Eigentlich ist der späte Samstagnachmittag die perfekte Hörzeit. Der Wochenendeinkauf und der Wohnungsputz sind da schon erledigt, das Abendprogramm hat noch nicht begonnen. Aber „Diagonal“ beginnt, das Radiofeuilleton. Neben den Journalen, dem „Radiokolleg“ und den Büchersendungen ist es die wichtigste Ö1-Sendung für mich. Solange mich das Thema interessiert, und das tut es bei zwei von drei Sendungen. Egal, ob es die Reportage einer Stadt ist, die ich schon besucht habe oder unbedingt bald sehen will, das Porträt eines mehr oder weniger bekannten Zeitgenossen oder die Auseinandersetzung mit einem zu selten behandelten Thema. Die Sendung über „Geschwister“ zum Beispiel, werde ich lang in Erinnerung behalten, oder jene über „die Kritik“, zugegeben ein Thema, das vielleicht nur für Kritiker wirklich spannend ist.

„Diagonal“ ist für mich, die häufig am Samstag arbeitet, der Einstieg in das richtige Wochenende. Jetzt geht es wirklich los. Das Stimmenduett am Sendungsanfang erinnert mich daran, wenn zwei Moderatoren abwechselnd die Inhaltsangabe der Sendung vortragen; es geht weiter mit den vertrauten Stimmen der einzelnen Beiträge. Manchmal schweife ich zwischendurch gedanklich ab, beim Kochen, oder weil die Großmutter anruft oder weil man mitten in den Vorbereitungen für das Geburtstagsessen, die Einweihungsparty steckt, zu der man heute noch geladen ist. Beim „feinen Musiksalon“ kurz vor 19 Uhr ist es mit der Hörruhe so gut wie immer schon vorbei. Aber oft kehre ich montags auf dem Weg in die Arbeit noch einmal zurück und höre mir den ein oder anderen Beitrag an, den ich am Samstag verpasst habe.

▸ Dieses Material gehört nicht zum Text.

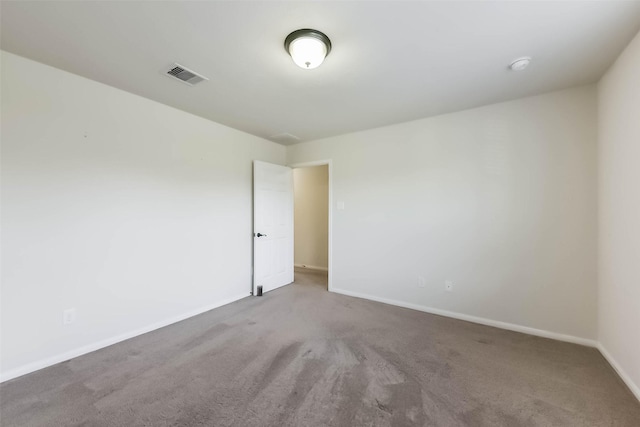 carpeted empty room featuring baseboards and visible vents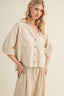Woman wearing a beige linen outfit on a plain background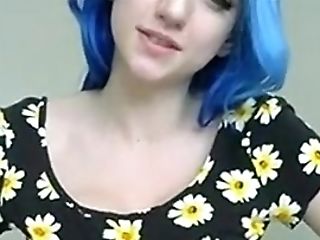 Blue Haired Gal In Flowers Plays With Tits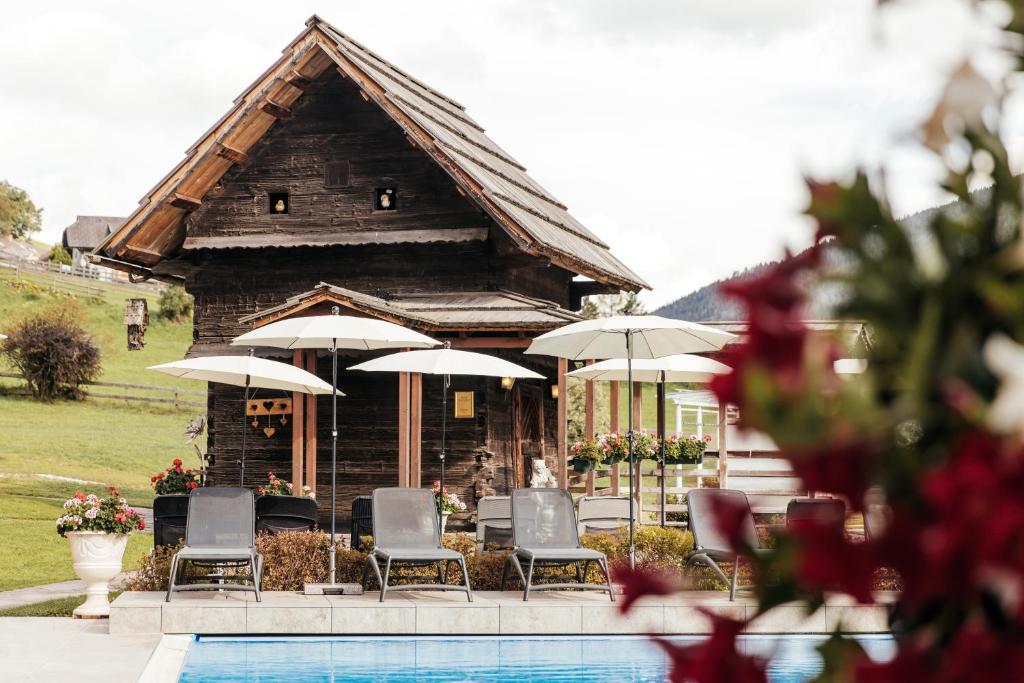 a building with chairs and umbrellas next to a pool at Thermenwelt Hotel Pulverer in Bad Kleinkirchheim
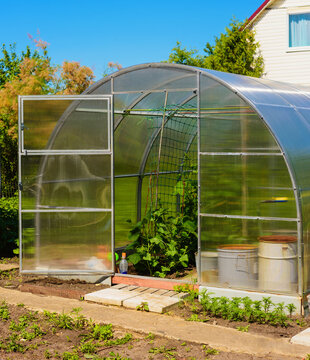 open door of greenhouse from transparent polycarbonate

Österreich 1, Stolz und Stiefkind des ORF

Seit dem Sendetag eins am 1. 10. 1967 war Ö1 oft ganzer Stolz des jeweiligen ORF-Chefs. Zuletzt mit einer Tagesreichweite von 8,1 Prozent. Zum Vergleich: Ö3 hat 33,9 Prozent, alle ORF-Radios zusammen 61,6 (Zahlen von Juli 2016 bis Juni 2017).

Argentinierstraße. Doch weil Ö1 von Anfang an weit weg vom ORF-Zentrum auf dem Küniglberg in Hietzing residierte, in der Argentinierstraße nahe dem Karlsplatz, kam es zu einer gewissen Entfremdung zwischen den Fernseh- und den Radioleuten.

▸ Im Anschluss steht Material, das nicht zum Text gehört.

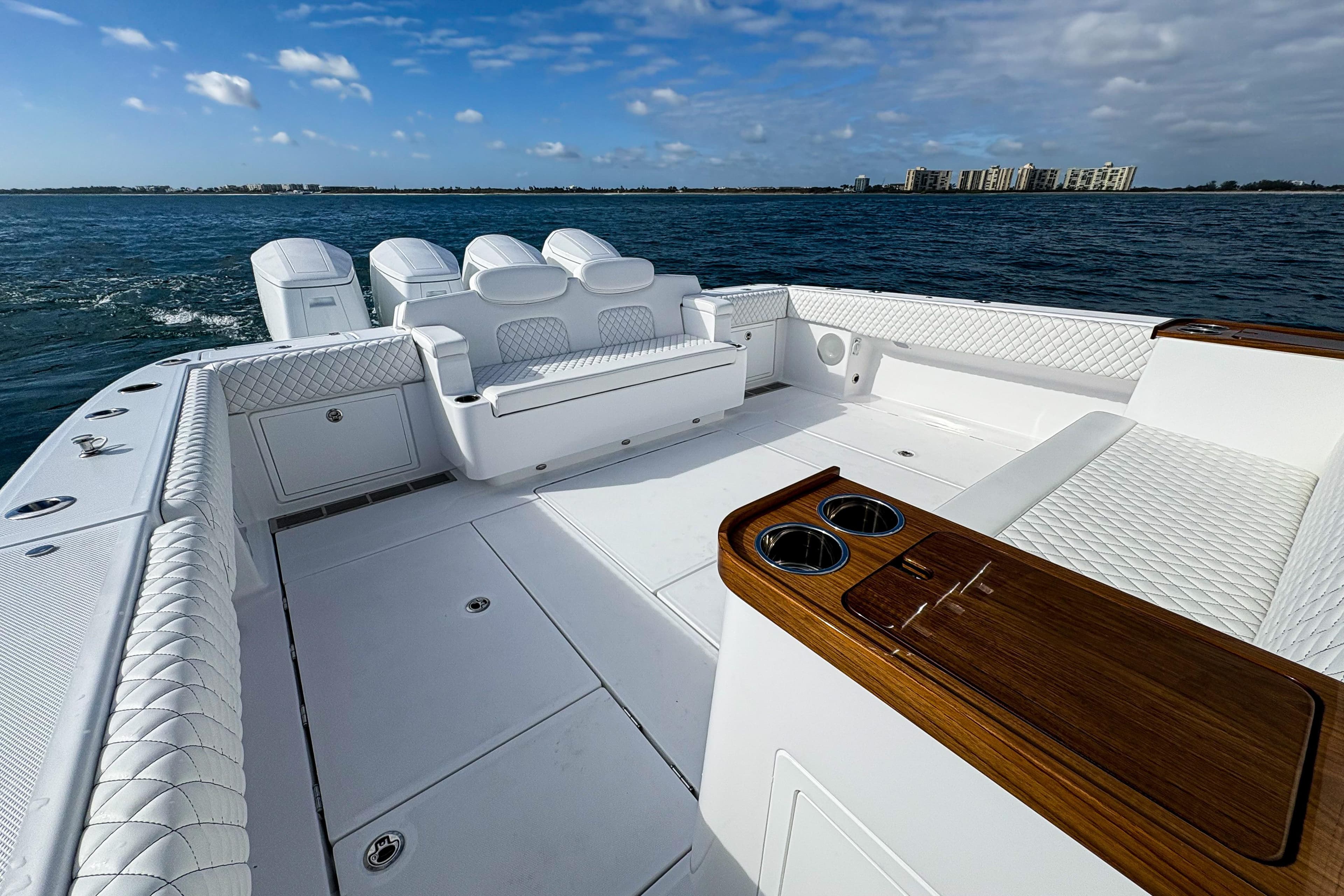 Luxurious 2027 HCB 48 Campeon boat interior with plush seating and ocean view.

Neuer Kollektivvertrag. Die Stärke des Fernsehens und der Fokus auf den jüngsten, Ende der 1990er-Jahre entstandenen, neuen Kanal Online haben in den vergangenen zwei Jahrzehnten dazu beigetragen, dass sich die Ö1-Belegschaft oft wie das Stiefkind in der ORF-Senderfamilie fühlte. Tatsächlich war lange Zeit ein Großteil der festen Ö1-Mitarbeiter nicht angestellt, erst im Juni 2015 wurde das mit einem neuen Kollektivvertrag geändert. Zuletzt hatte der Sender dreieinhalb Jahre nur einen interimistischen Senderchef. Peter Klein wurde erst am Freitag offiziell zum neuen Ö1-Chef ernannt – oder zum „Channelmanager“, wie das heute heißt.

Funkhaus. Groß war 2016 unter Künstlern und Ö1-Freunden die Sorge um das Funkhaus in der Argentinierstraße, die Bleibe von Ö1, FM4 und dem Wiener Landesstudio. Denn der ORF wollte es verkaufen, nur das angrenzende Radiokulturhaus mit den beiden Konzertsälen behalten (das im Oktober 1997 eröffnet wurde). Längst hat sich die Aufregung beruhigt, heute sieht es so aus, dass der ORF das Funkhaus nur teilweise verkaufen wird. Angeblich geht es mittlerweile nur noch um den Verkauf des Parkplatzes.